Product analysis by gas chromatography

Samples from substrate conversion and coupling efficiency determination were analyzed and quantified via gas chromatography with flame ionization detection (GC-FID). Extraction was performed with ethyl acetate (1:1) as solvent supplemented with 2.6 µL mL−1 benzyl alcohol as internal standard and the resulting mixture was transferred in 2 mL safe lock tubes and vortexed (60–70% maximal force, 20 min; Vortex Genie 2, Scientific Industries, Bohemia, NY, USA). After centrifugation (11 000 × g, 5 min), the upper organic phase was transferred to new 2 mL tubes containing 50 mg water free sodium sulfate for drying. Samples were vortexed (60–70% maximal force, 5 min), centrifuged (11 000 × g, 5 min), and the dried organic phase was used for GC-FID measurements.

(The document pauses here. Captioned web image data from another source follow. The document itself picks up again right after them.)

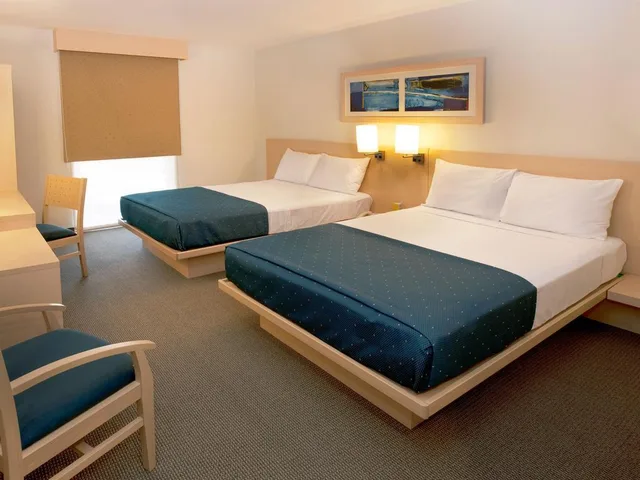 غرفة قياسية بسرير مزدوج، City Express by Marriott Puebla Finsa 1/2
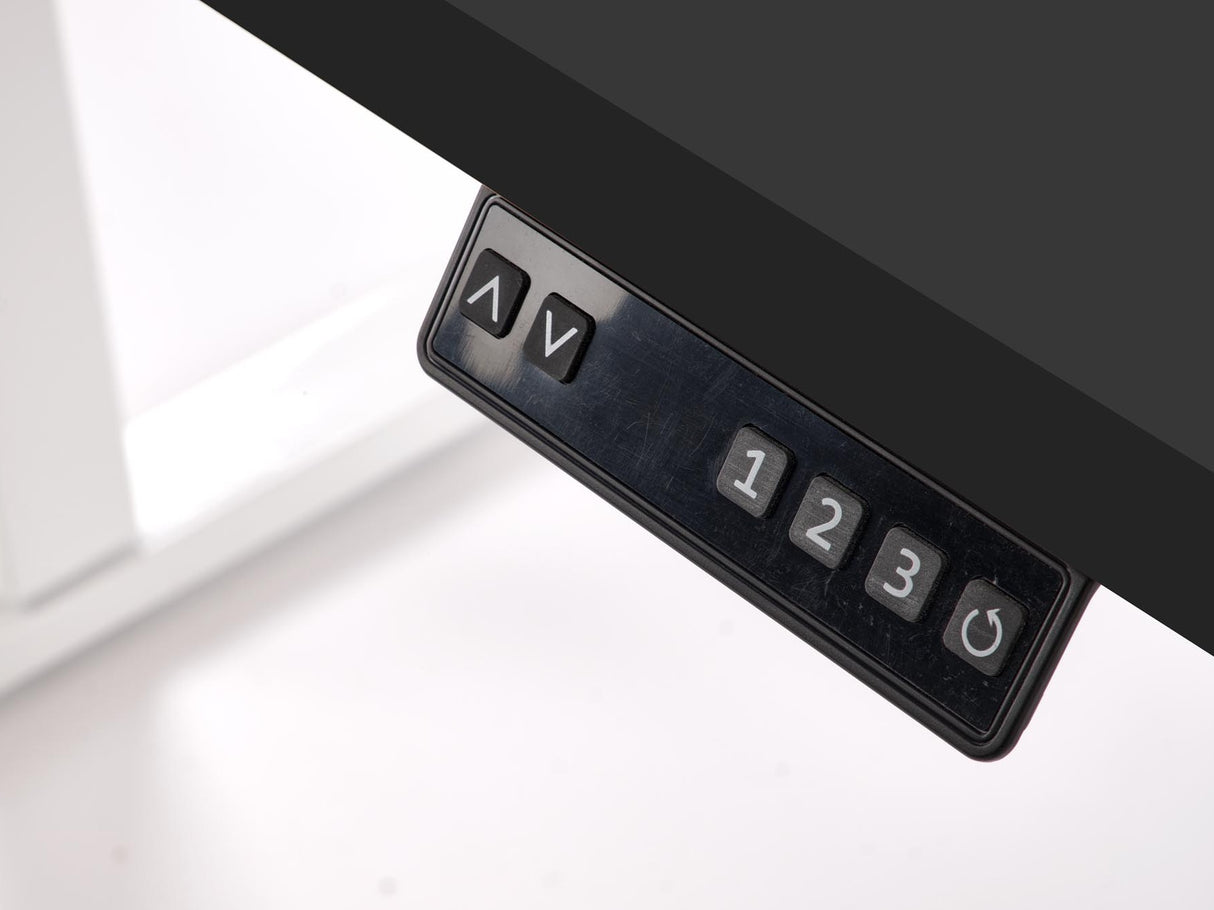 Reguliuojamo aukščio darbo stalas 588002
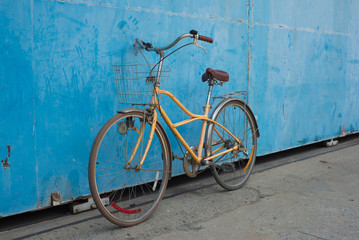 Fototapeta na wymiar Vintage bicycle with blue wall bacground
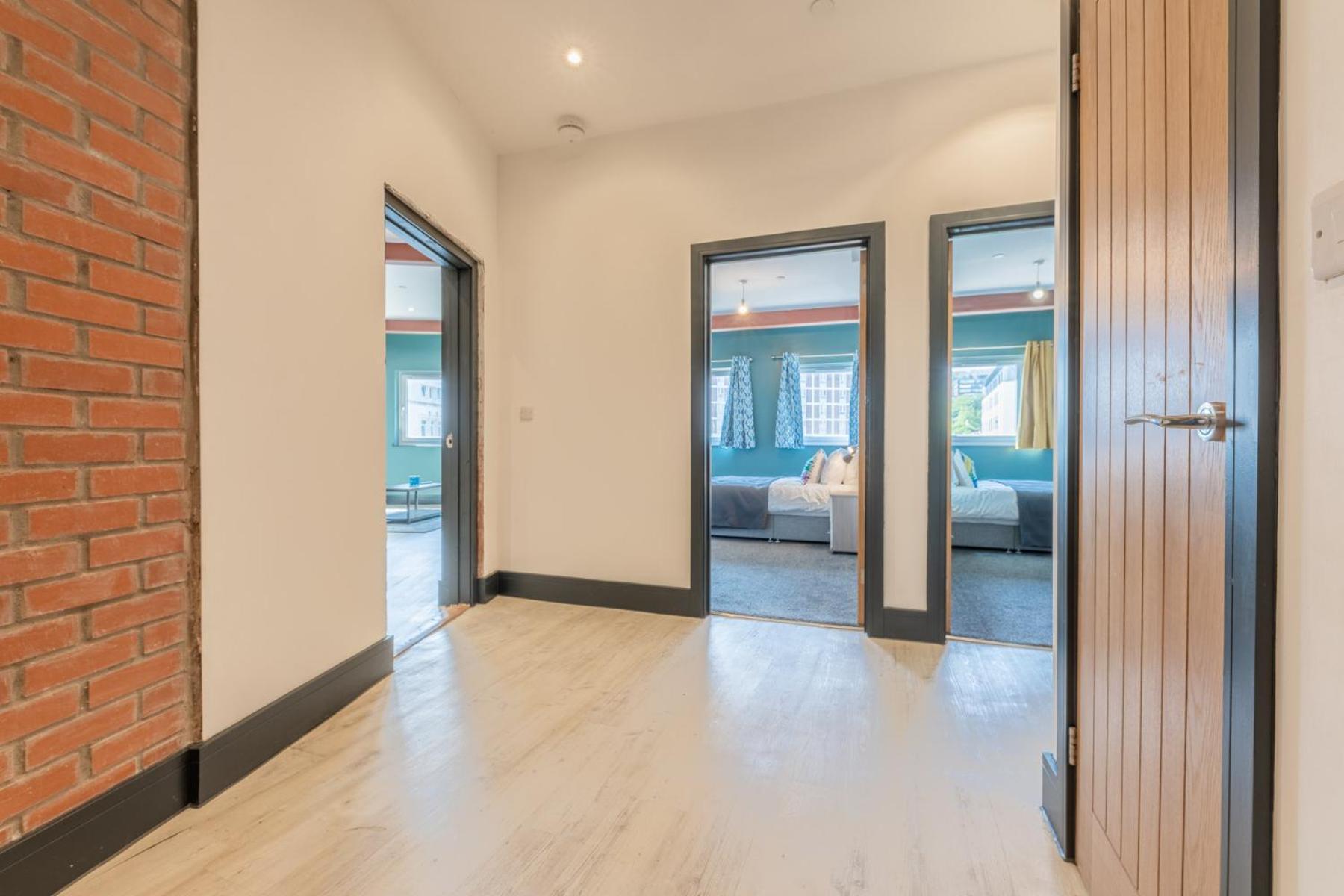The Kingsway- 2 Bedroom Central Swansea Apartments By Stayright Ngoại thất bức ảnh
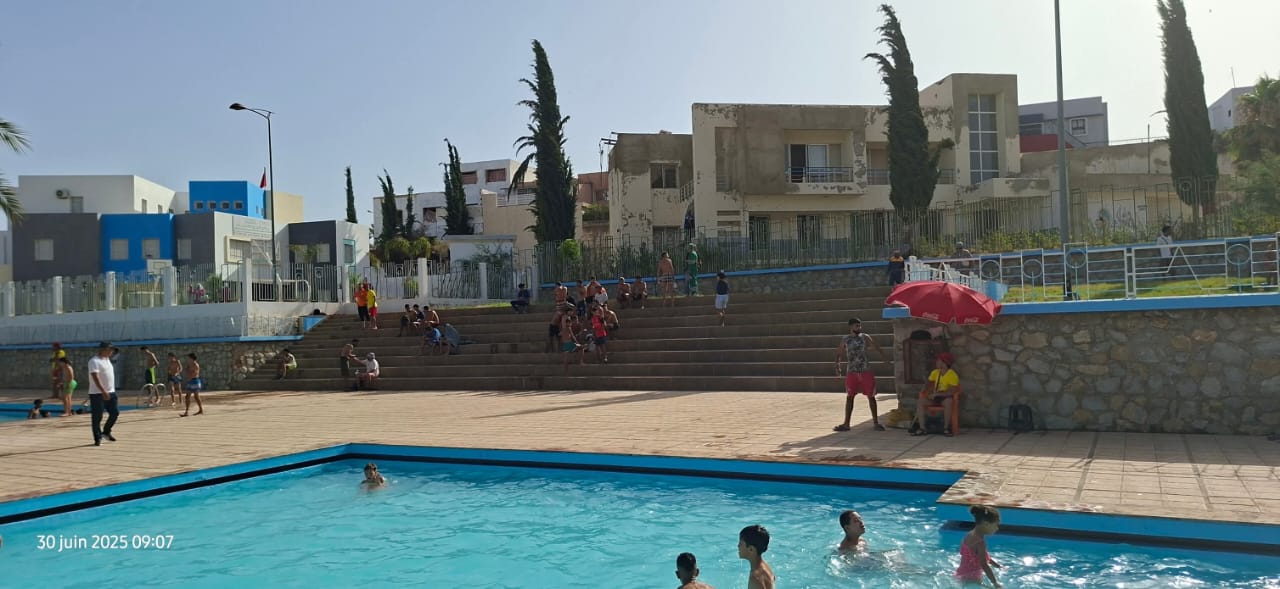 نجاح مجلس جماعة مكناس في فتح مسبحي 20 غشت والمسبح البلدي 1  بوعماير صباح يوم 14 و 30 يونيو الجاري2025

Of each sample, 100 µL were filled in 1.5 mL glass screw neck vials equipped with 250 µL glass inlets. Analysis was performed in a GC-2010 gas chromatograph with auto sampler operated by the software GCsolution version 2.3 (Shimadzu Corp., Kyoto, Japan). A truncated 30 cm Optima® 17-MS column from Macherey-Nagel (Düren, Germany) served for separation and following parameters were used: injection volume: 1 µL, injection temperature: 300 °C, injection mode: split, flow control mode: linear velocity, pressure: 114.9 kPa, total flow: 58.6 mL min−1, column flow: 2.65 mL min−1, linear velocity: 69.1 cm s−1, purge flow: 3.0 mL s−1, split ration: 20, temperature gradient: 100 °C, 5 °C min−1 to 175 °C, 20 °C min−1 to 250 °C, detection temperature: 300 °C, sampling rate: 40 msec, H2 flow: 40 mL min−1, makeup gas N2/air: 30 mL min−1 / 400 mL min−1. Concentrations of isophorone derivatives were calculated from corresponding calibration curves of standards.